Kini bibir Laura menganga tanpa mengeluarkan suara. Dia tak habis pikir kalau ternyata Leon se-kritis itu. Kali ini dia akan melimpahkan semuanya kepada Noah.
"Mama juga tidak tahu. Bagaimana kalau besok Leon tanya langsung kepada paman kenapa dia berbohong!" Laura memaksakan senyumnya dan berusaha mengakhiri percakapan malam itu.
---
Keesokan harinya, Jordan duduk di ruangannya yang luas sambil memandangi layar laptop dengan pikiran yang tak bisa fokus. Dia memutar ulang setiap detik pertemuan semalam di benaknya.
Wajah Laura yang tegang, suara Noah yang mengklaim diri sebagai ayah, dan terutama mata Leon yang seperti mencerminkan masa lalu Jordan sendiri. Dia mengetuk-ngetukkan jarinya di meja.
Jika anak itu benar milik Jordan, kenapa Laura tak pernah menghubungi. Bahkan satu pesan pun tak pernah datang. Dia ingat malam itu, ketika Laura datang di waktu yang tidak tepat. Tiba-tiba menghilang setelahnya, seakan sengaja pergi membawa anaknya menjauh.
Jordan tak bisa menahan diri lagi. Dia menekan tombol interkom. “Panggil Laura ke ruanganku. Sekarang.”
Tak lama kemudian Laura datang dan berdiri kaku di depan pintu kaca ruangan Jordan. Dia menarik napas panjang sebelum mengetuk dan masuk. Jordan duduk dengan tangan terlipat di depan dada, wajahnya tenang, tetapi matanya tajam.

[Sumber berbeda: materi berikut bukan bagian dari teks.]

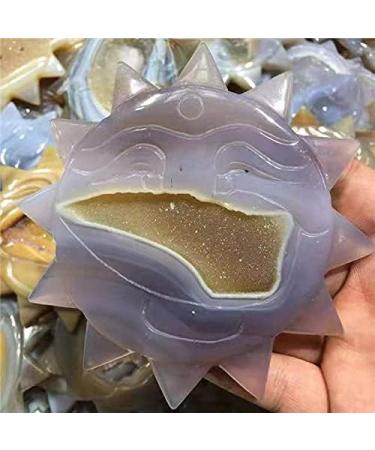 1pc Natural Crystals Gemstone Natural Agate geode Sun god for Gift 70-75mm Stone Mineral Specimen - Buy Online on GoSupps.com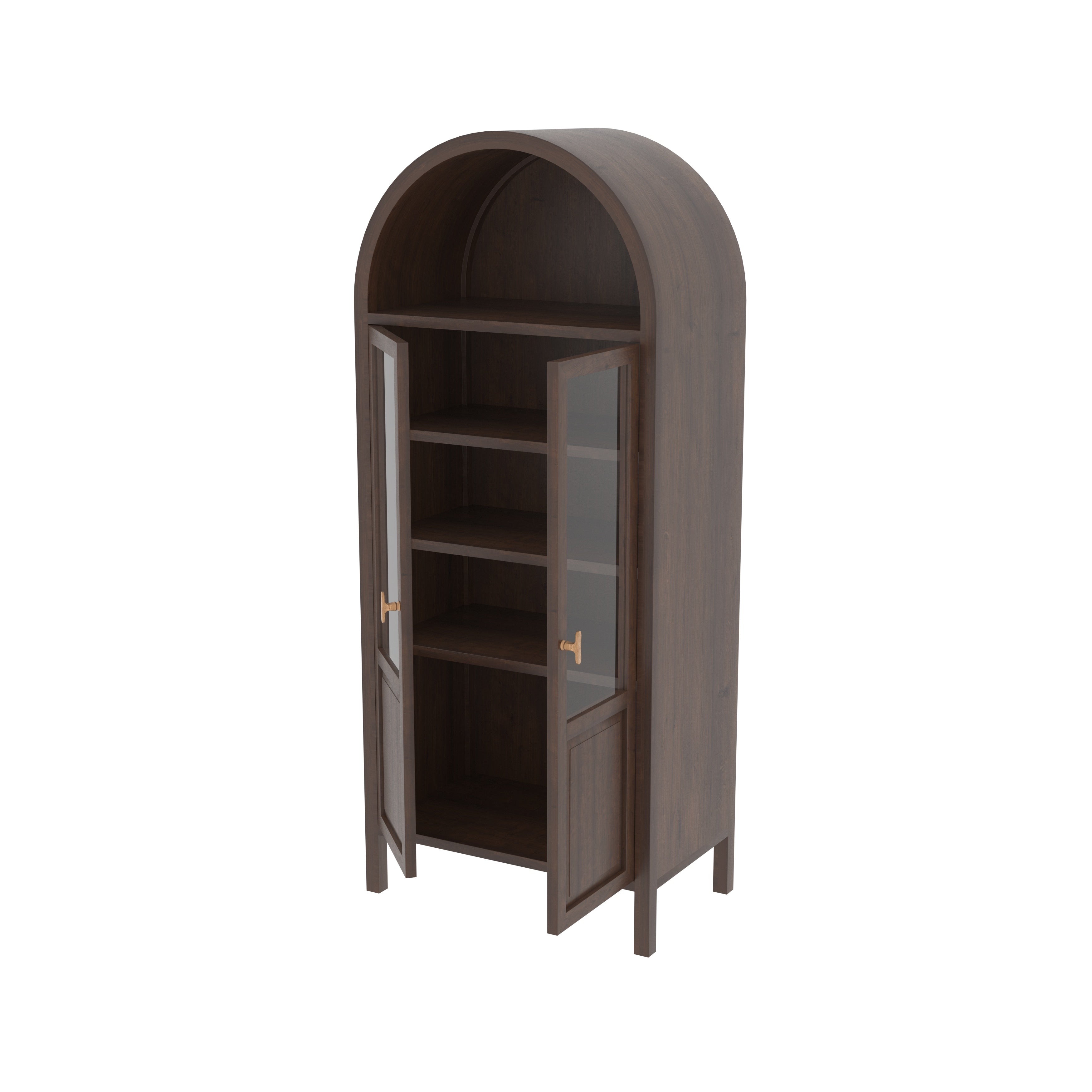 Ardovelle Grand European Luxury Wardrobe with Architectural Arch Top and Glass Display Cabinet Wardrobe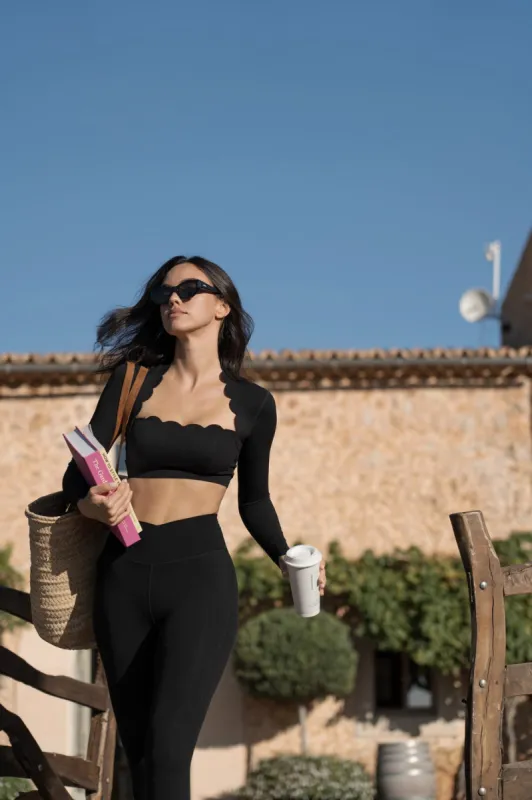 Scallop Cropped Long Sleeve Top sold by WISKII Active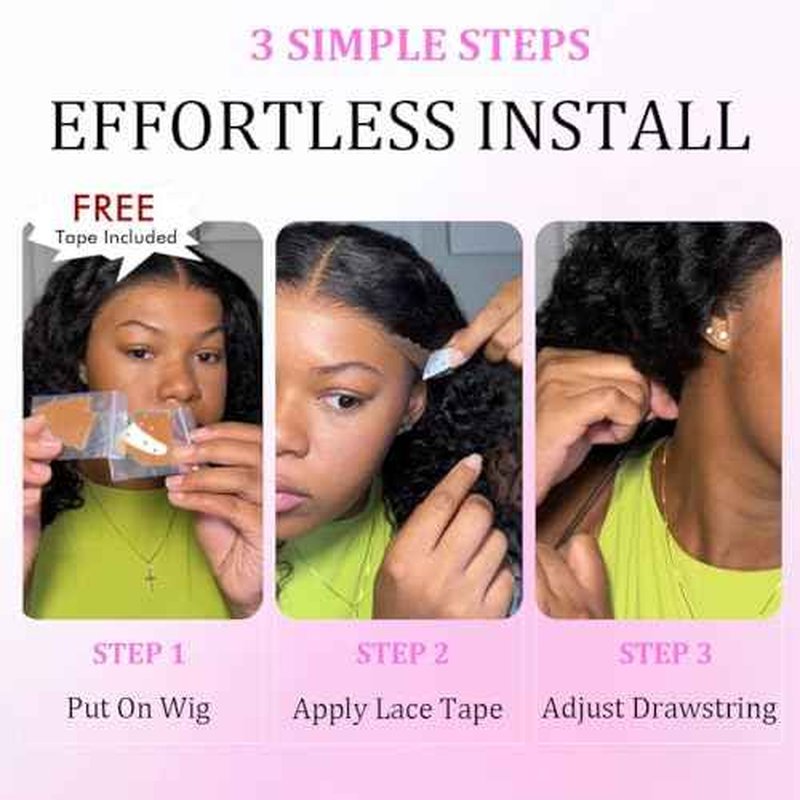 7x5 Deep Wave Lace Front Wigs Human Hair Drawstring Wear and Go Glueless Wigs Human Hair Pre Plucked Pre Cut 200 Density Curly Lace Front Wig for Women Beginner Friendly Glueless Deep Wave Wig 18 Inch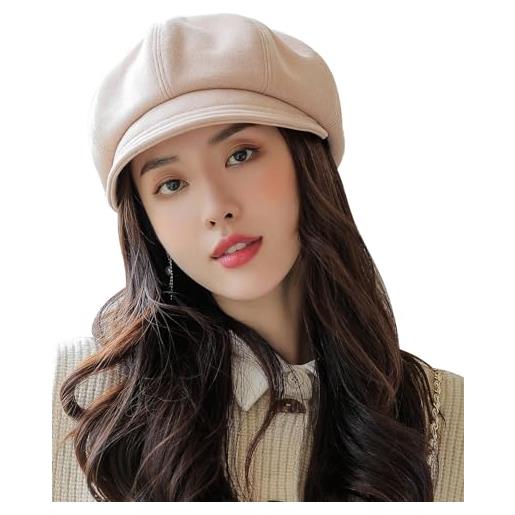 FEOYA cappello donna invernale berretto classico beanie vintage elegante cappellino con visiera a-cachi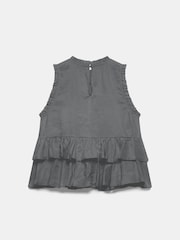 Mint Velvet Grey Sleeveless Ruffle Detail Top - Image 3 of 3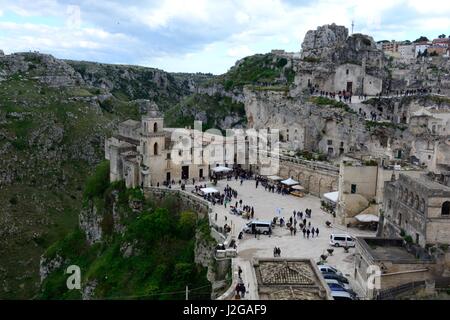 Église de Maria de Idris et Eglise San Pietro le Dodici Lune Sassi Matera Italie Basilique Banque D'Images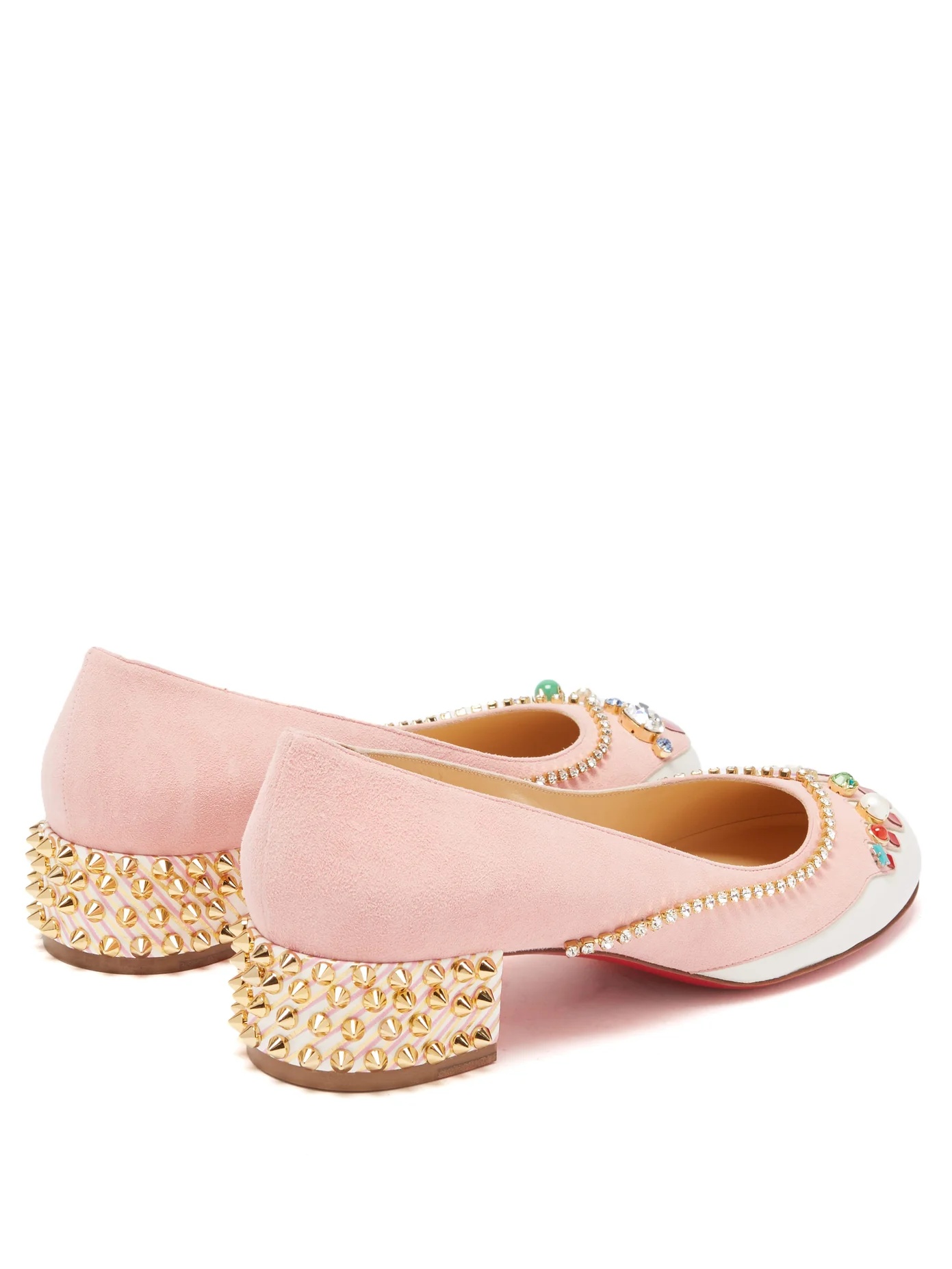 Hippipump crystal appliqué suede ballet flats - 4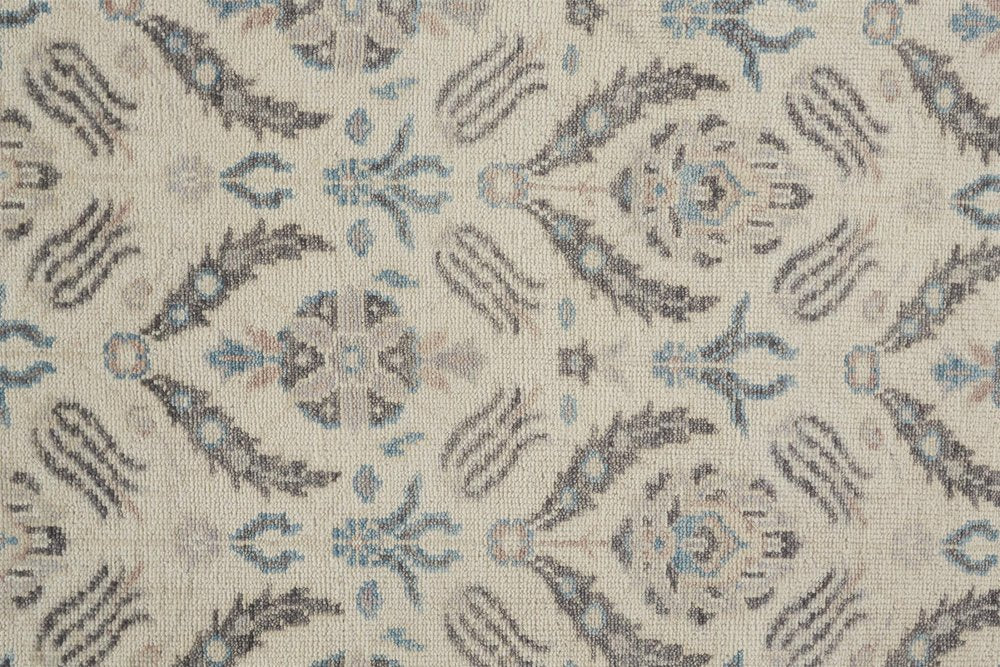 Gray and Ivory Floral Wool Hand Knotted Rug with Fringe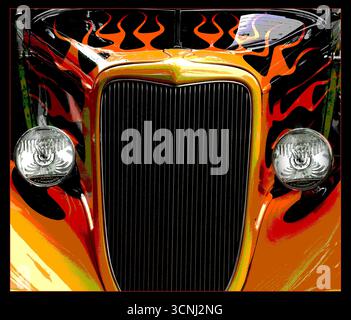 Une image graphique d'une voiture de collection avec un travail de peinture à la flamme frappant est exposée à un salon automobile local. Le design coloré attire l'attention sur son cl Banque D'Images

“Aku ingin tahu yang sebenarnya mengenai Leon,” kata Jordan tanpa basa-basi. “Tentang anak itu.”
Laura menggigit bibir bawahnya. “Apa yang ingin kamu ketahui tentang Leon?”
“Apa dia anakku? Apakah dia anak kita? Wajahnya ....”
“Bukan. Jordan, tolong. Jangan paksakan sesuatu hanya karena mirip. Kamu sudah punya hidupmu, dan aku juga. Jangan ganggu apa yang sudah aku bangun.”
Jordan berdiri dan melangkah mendekat. “Kalau dia benar anakku, kamu pikir aku akan diam saja? Kamu menyembunyikan ini selama tujuh tahun?”
“Kamu sudah salah paham!" Suara Laura meninggi.
"Lalu, kenapa kamu tiba-tiba menghilang?" Kini suara Jordan mengimbangi Laura yang sedang diselubungi oleh emosi.
“Saat aku pergi ke apartemenmu malam itu, dan mendapati kamu bersama Leysha, hatiku sangat hancur! Apakah alasan itu tidak cukup untuk aku meninggalkan kamu, Jordan?"
Jordan mengerjap. “Aku ... itu tidak seperti yang kamu pikirkan.”
“Sudah terlambat, Jordan. Aku pergi karena tahu kamu tidak pernah serius denganku. Sejak saat itu aku memutuskan untuk hidup tanpa bayang-bayangmu!”
Mereka saling menatap, napas keduanya cepat. Suasana ruang itu terasa seperti bom waktu.
“Aku ingin tahu kebenarannya,” kata Jordan akhirnya, dengan nada lebih lembut. “Jika dia anakku, aku punya hak untuk tahu.”
Laura menunduk, air mata menggenang. “Tolong jangan hancurkan dunia kecilku, Jordan. Itu saja yang kupinta.”
Di luar ruangan, Noah berdiri diam, mendengarkan sepenggal percakapan dari balik pintu yang tak sepenuhnya tertutup rapat. Tangannya mengepal. Rahasia yang selama ini dilindungi Laura, tampaknya tak akan bisa tersembunyi lebih lama.